My biggest worry about the Mueller investigation was always that it would effectively, even if not intentionally, create loads of time and space for Trump and the Republican Party to consolidate power. And that is exactly what has happened. There was precious little reason for Senate Republicans to hold Trump accountable for anything before, and there is no reason at all for them to do it now — unless and until they decide he's become no more use to them, and replace him with Mike Pence instead.

Pence, who definitely knew, who was right in the thick of it during the presidential transition, and whose name has never been associated with the Mueller investigation for a moment.

That was always a significant clue about the seriousness and efficacy of this investigation.

Anyway. As I said above, I'm not pulling these receipts to do a victory lap. I couldn't be less fucking thrilled to have been right.
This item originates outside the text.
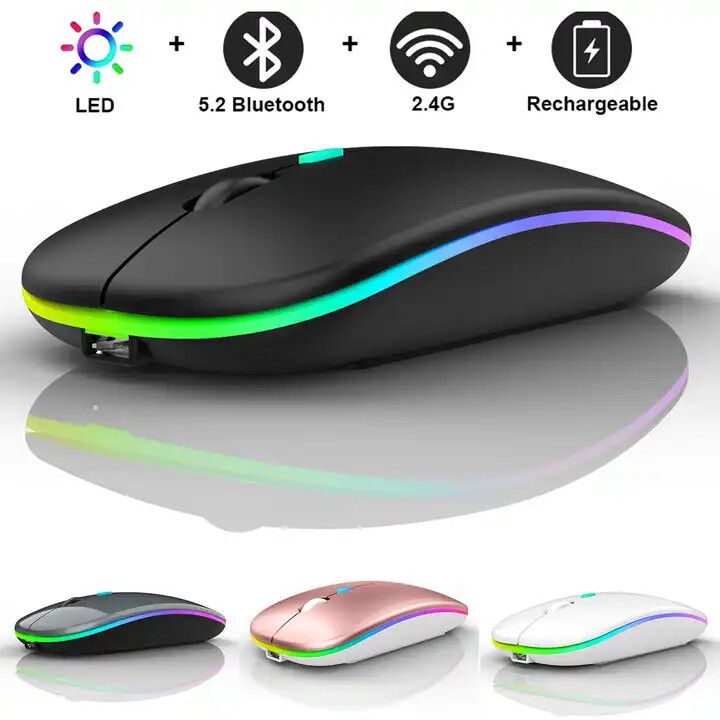 Wireless Rechargeable bluetooth Slim LED Silent Mouse 2.4G Portable Mobile Wireless Mouse Optical Office Mouse with USB Receiver, 3 Adjustable DPI for Laptop, Desktop and .color black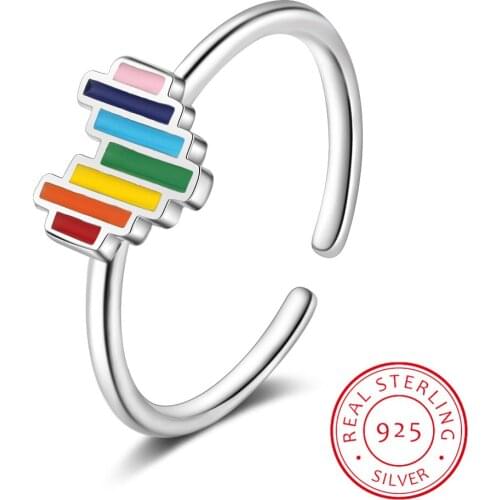 Genuine 925 Sterling Silver Minimalist Ring For Women Wedding Rainbow Heart Fine jewelry Cute Valentines Day Gift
I am recounting my words from the past two years with the hope that people will not immediately fall into the same trap of putting all their hopes in someone else to save us, and shouting down the women who have been right over and over and fucking over again.

The Mueller report being a dud was always going to be a watershed moment. And let me be perfectly blunt: If you're terrified about what this signals for our future, for how empowered Trump will be after the delivery of nothing, you are right to be.


This is only going to get worse. And I don't know what to do. I don't know what to advise. All I know is that we have to resist in every conceivable fashion at every possible moment if there is any hope to be had. We can't trust it to SDNY or House Democrats or anyone else — especially anyone working within an increasingly corrupt and compromised government — to save us. We need to start making some meaningful, organized efforts to save ourselves and each other.

Let me say once again: I can't tell any other person what their resistance should look like. Each person has a different set of capabilities; a different level of safety; a different set of talents; a different number of spoons. How one protests in a small, rural town might look very different from how one protests in a big city that's a major media center.

I only know what my resistance can and will look like. Each person needs to look inside themselves to define what theirs will. (Though certainly there are plenty of people who will offer good advice!)

And, to be honest, you don't want me to define your resistance for you, because then you'd be limited by the boundaries of my imagination. Would I have conjured a national park resisting by tweeting facts? Nope! But that is a brilliant and important act of resistance.

All I will say is this: In an environment of official neglect, demoralization, and division, survival itself is an act of resistance. Staying engaged is an act of resistance. Building community is an act of resistance.

If there is nothing else you are able to do to resist, just hang the fuck on, as hard as you can.